Actuellement au Lucernaire, Les Voyageurs du crime est un réjouissant whodunit dont les principaux protagonistes ne sont autres que des écrivains britanniques reconnus (dont Arthur Conan Doyle), enquêtant sur un meurtre et une disparition à bord d’un wagon de l’Express d’Orient. Saurez-vous dénicher le/la ou les coupable(s) ?

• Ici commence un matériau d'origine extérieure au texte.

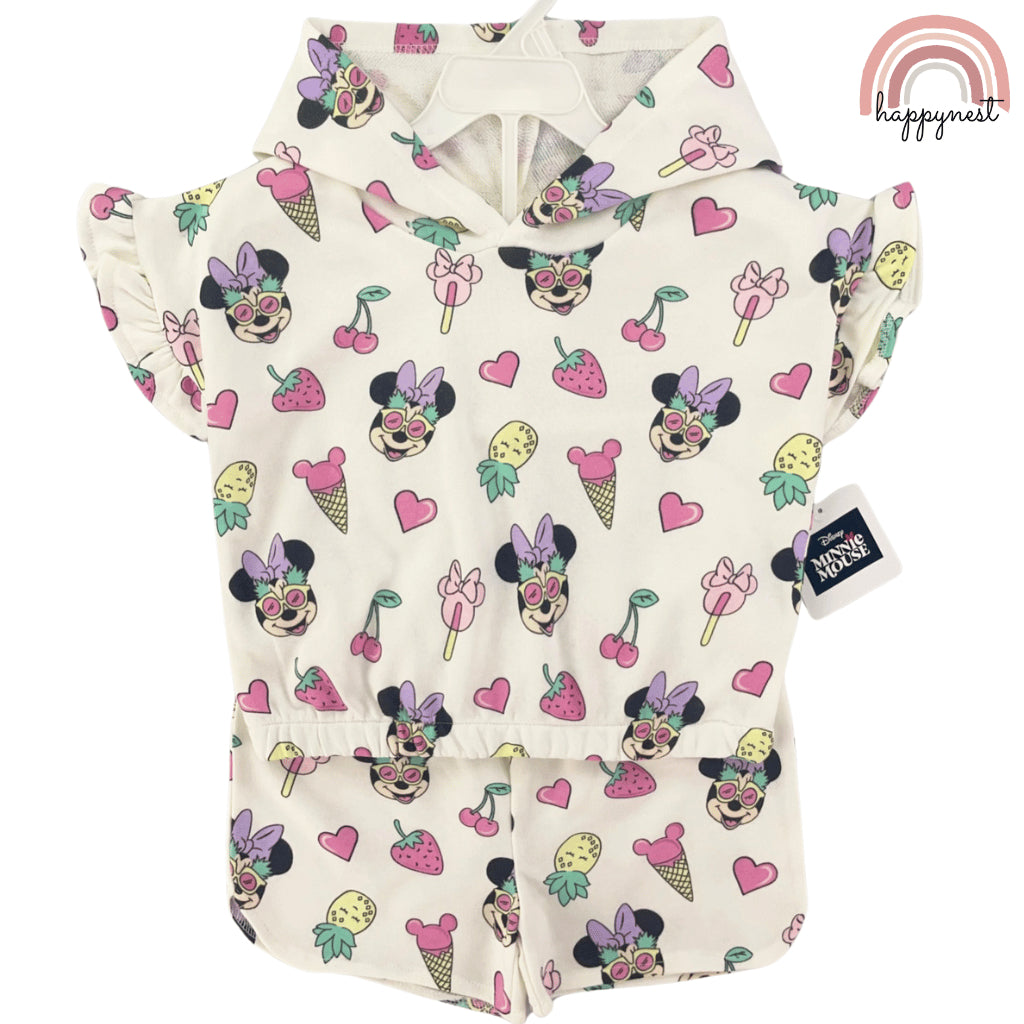 Minnie Shirt Shorts Hooded Minnie Print 3-7 Years AA177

Si Agatha Christie a popularisé le genre dans ses romans policiers, mais aussi sur scène avec sa pièce La Souricière (toujours à l’affiche à Londres et dont la version française a également remporté un joli succès), c’est surtout au cinéma, lors de pastiches, d’adaptations ou de créations inspirées, que le whodunit s’est épanoui. On attend d’ailleurs prochainement un énième Mort sur le Nil de et avec Kenneth Brannagh. Si ce genre est idéal pour faire un excellent spectacle (pluralité des personnages, unité de temps et de lieu), rares sont les pièces pourtant à se frotter au genre. C’est donc un événement que ces Voyageurs du crime de Julien Lefebvre, réussissant adroitement à faire co-exister comédie et suspens, sans que l’un ne se fasse au détriment de l’autre.

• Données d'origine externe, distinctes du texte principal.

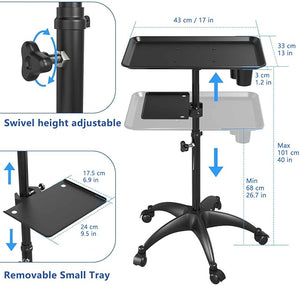 Salon Tray Cart with Storage Platform Aluminum Tattoo Tray with Wheels Trolley Adjustable Height Salon Tray Equipment Service Instrument Storage Tray Accessory for Salon &amp Spa Use Black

Le postulat est d’ailleurs remarquable : nous voici à bord de l’Express d’Orient (le premier nom de l’Orient-Express), en compagnie de trois amis écrivains : Arthur Conan Doyle (père de Sherlock Holmes), le dramaturge Georges Bernard Shaw et le créateur de Dracula, Bram Stocker. Tout irait pour le mieux si la jeune Agatha Miller, affolée, ne s’inquiétait de la disparition mystérieuse de sa mère, introuvable et si l’un des employés de la compagnie n’avait été retrouvé assassiné… Dès lors, les autres voyageurs sont tous des suspects potentiels. À Conan Doyle de mener l’enquête, à la manière dont le ferait le personnage qui l’a rendu célèbre dans le monde entier.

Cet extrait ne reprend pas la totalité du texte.